Надо сказать, что в нашем коллективе во время пребывания на женском лагпункте соблюдалась строжайшая дисциплина. Обеспечивалась она не только страхом перед неизбежным наказанием — лишиться возможности приехать сюда еще раз. Пожалуй, еще сильнее воздействовало на наших артистов чувство взаимной товарищеской выручки. Для того, чтобы одни могли во время концерта на малое время отлучиться без ущерба для программы концерта — чтобы не задержался и не сорвался ни один номер, — другие должны были их на это время подменять. Разумеется, не в том плане, чтобы плясуны подменяли певцов, а клоун пианиста. Просто все делалось со строгим расчетом. Во-первых, ни на минуту никуда не отлучались бесконвойники. Кроме собственных выступлений, они выполняли все технические и подсобные работы, чтобы предоставить остальным достаточное время для отлучки со сцены. Длительность каждого номера и специально предусмотренные два антракта были строго прохронометрированы на репетициях. Соответственно, каждый участник представления знал точно, когда и на какое время он имеет право отлучиться со сцены. Чтобы он точно знал, когда, не просрочив ни одной минуты, он обязан возвратиться на сцену для того, чтобы выступить, если его номер еще предстоял, или, если сам он уже выступал раньше, для того, чтобы отпустить со сцены своего товарища, ожидающего своего “очередного отпуска”.

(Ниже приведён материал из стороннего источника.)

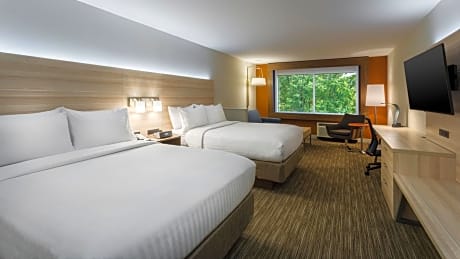 2 Queen Bed Suite Additional Living Area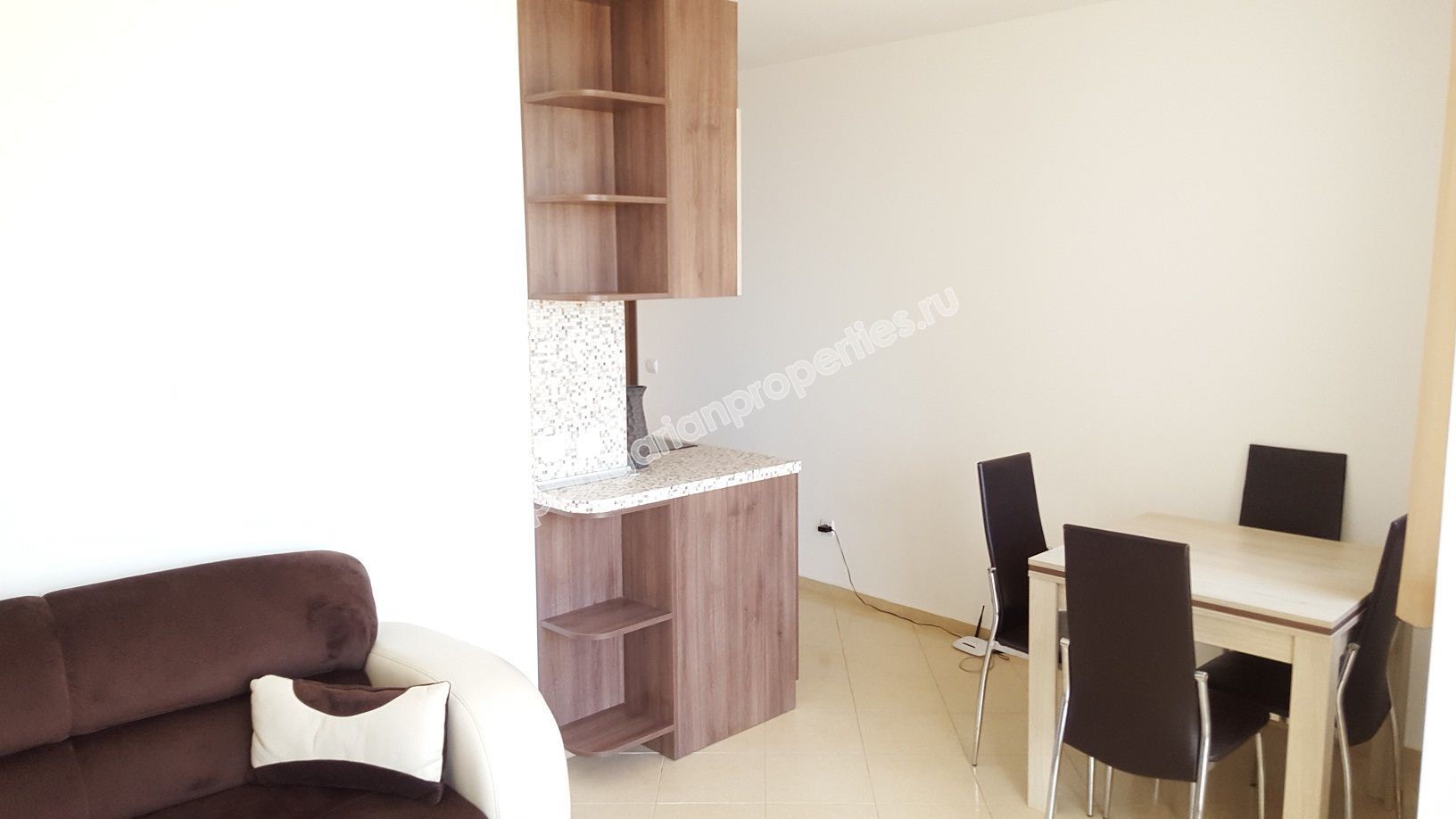 One-bedroom apartment for rent in the complex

Женщины хорошо понимали, что прибегавшие к ним в гости артисты были крайне ограничены во времени, и лишними разговорами не затягивали встречи. Так или иначе, ни одного случая срыва какого-либо номера по причине опоздания исполнителей не бывало. Разумеется, на всякий случай у нас всегда была подстраховка. Можно было, например, повторить предыдущее выступление на бис. Можно было выпустить на сцену тех, кто по программе должен был выходить после задерживавшегося номера. Наш неутомимый Михаил Бадиков мог затянуть конферанс. Оркестр всегда мог, что-нибудь сыграть… Словом, приемов подстраховки хватало. Но все проходило гладко.
Интересно отметить, что сама внешняя картина танцев, происходивших в зале после концерта, была для нас, заключенных, как теперь говорят, очень волнительна. Мы впервые за много лет видели зал, заполненный празднично одетыми людьми. Женщины были в красивых “вольных” платьях, взятых по сегодняшнему случаю из камеры хранения. Мужчины тоже в нормальной одежде — не в лагерных куртках из “чертовой кожи”, не в рабочих штанах, а в брюках и в пиджаках. Многие, прежде всего наши артисты, в рубашках с галстуком. И никого или почти никого в ватниках, в кордовых чунях… Сам эта картина создавала иллюзию, будто мы не в зоне, а на Большой земле, на свободе.
Иллюзии быстро приходит конец. Настают минуты прощания. Кто-то на улице перед вахтой целуется на прощание, кто-то записывает, быть может, домашние координаты своей только что обретенной любимой, кто-то пожимает друг другу руки… Стоит общий довольно громкий гомон… Но вот начинаются поторапливающие окрики надзирателей. Бесконвойники выходят через вахту. Остальные наши артисты — через ворота, за которыми их ждут конвойные, собаки и грузовики…
Пусть тот, у кого при чтении этого описания наших поездок на женский лагпункт возникнет чувство осуждения этих мероприятий за то, что они сопровождались нарушением обычных норм нравственного поведения, знает, что у него были предшественники.
Начальник КВЧ нашего лагпункта капитан Носова ни в первый, ни следующие разы наших поездок на женский лагпункт не ездила с нами. Видимо, по разным соображениям, которые можно понять, не хотела во время наших приездов там присутствовать.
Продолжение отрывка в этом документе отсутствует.